Friday, May 10, 2024  |

By Declan Warrington | 

(Photo by Justin Setterfield/Getty Images)

SAUDI ARABIA HAS QUICKLY BECOME ONE OF THE WORLD’S LEADING FIGHT DESTINATIONS BY OFFERING IRRESISTIBLE SUMS OF MONEY TO BOXERS AND PROMOTERS, BUT THE MIGRATION TO THE MIDDLE EAST COMES WITH MULTIPLE CONCERNS

Devin Haney would have barely been out of his post-fight shower at the Chase Center in San Francisco when his promoter, Eddie Hearn, started to speak about the possibility of him fighting in Saudi Arabia next.

In beating Regis Prograis on December 9, Haney had not only just produced the finest performance of his career – one that suggested that at 25 he is at his peak – he had, for the first time, fought and won as the 17,000-strong crowd favorite at a near sold-out arena, and he’d done so in a city far from recognized as one of his profession’s traditional homes. 
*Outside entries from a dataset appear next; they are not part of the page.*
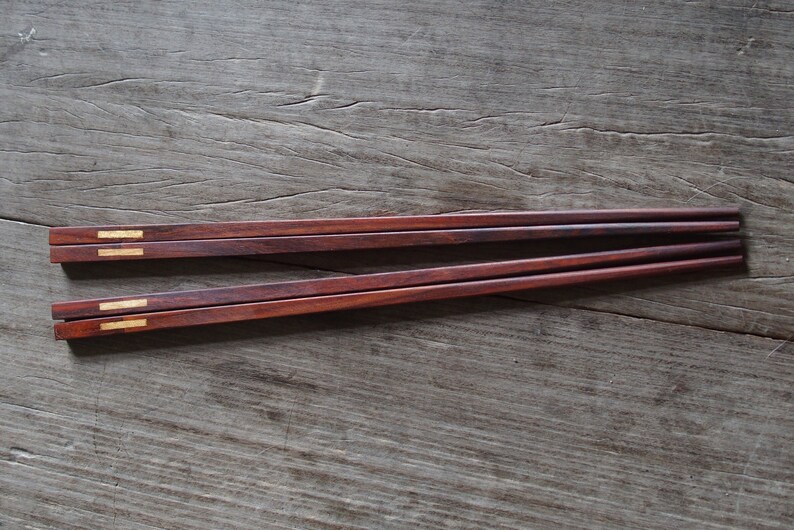 2 Pairs Wooden Chopstick Unique Design High Quality Handmade Wood Chopsticks Eco Friendly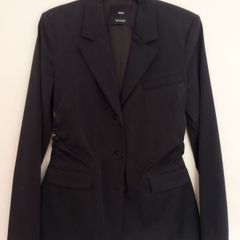 Waisted black Mango blazer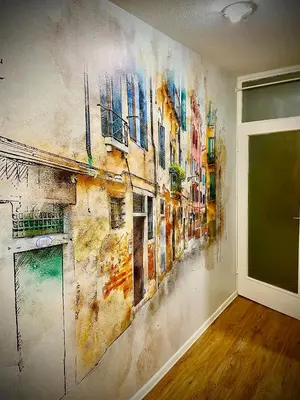 a room with a painting on the wall at Apartman BRONX Prijedor in Prijedor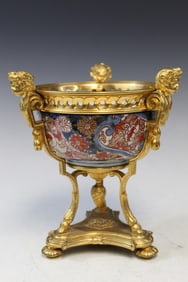 Japanese Imari Center Bowl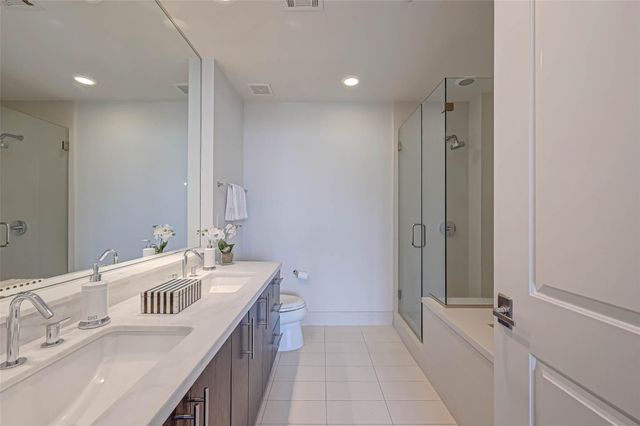 2207 Bancroft Street 1202, Houston, TX 77027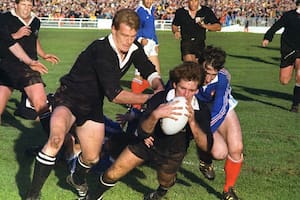 David Kirk a punto de apoyar su try en la final del primer Mundial de rugby, en 1987, apoyado por John Kirwan y pese a la oposición del francés Patrice Lagisquet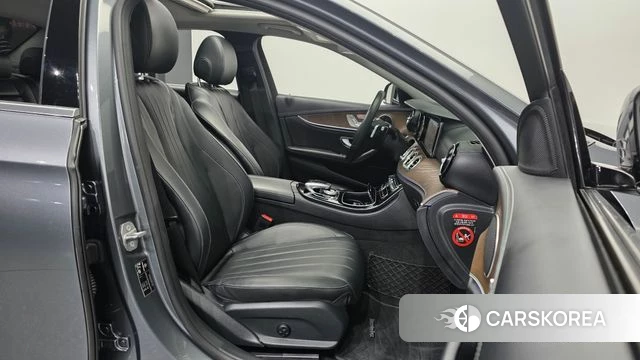 Mercedes-Benz E-Class W213 2018 Серый из Кореи, фото 2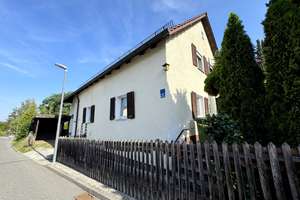 Alles - außer - Gewöhnlich!
Sanierungsbedürftiges Einfamilienhaus in Wenzenbach! – Die vollständige Adresse der Immobilie erhältst du vom Anbieter., 93173 Wenzenbach – Vorschaubild 3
The fact that, as a resident of Nevada, he was heavily booed in Las Vegas throughout his victory over Vasily Lomachenko in May – in a boxing context, Vegas remains the center of the universe – would have contributed to the sense of satisfaction felt by him and his team. And yet the sights of Haney – a consummate professional along with his father, trainer and manager, Bill Haney, as well as Matchroom’s Hearn – were instead fixed east. 

Before he rejoined Matchroom, Haney had come close to an agreement with Skills Challenge Entertainment, the ambitious organization owned by Prince Khalid bin Abdulaziz responsible for staging in Jeddah, Saudi Arabia, the rematch in 2022 between Anthony Joshua and Oleksandr Usyk. Perhaps above all else, in contrast to the deliberately cagey-and-diplomatic approach Haney and his father committed to at the conclusion of his promotional agreement with Top Rank following the Lomachenko fight – a tactic that indirectly invited offers without jeopardizing his position of strength as a sought-after world champion and free agent – both he and his promoter were making it known what would ideally come next.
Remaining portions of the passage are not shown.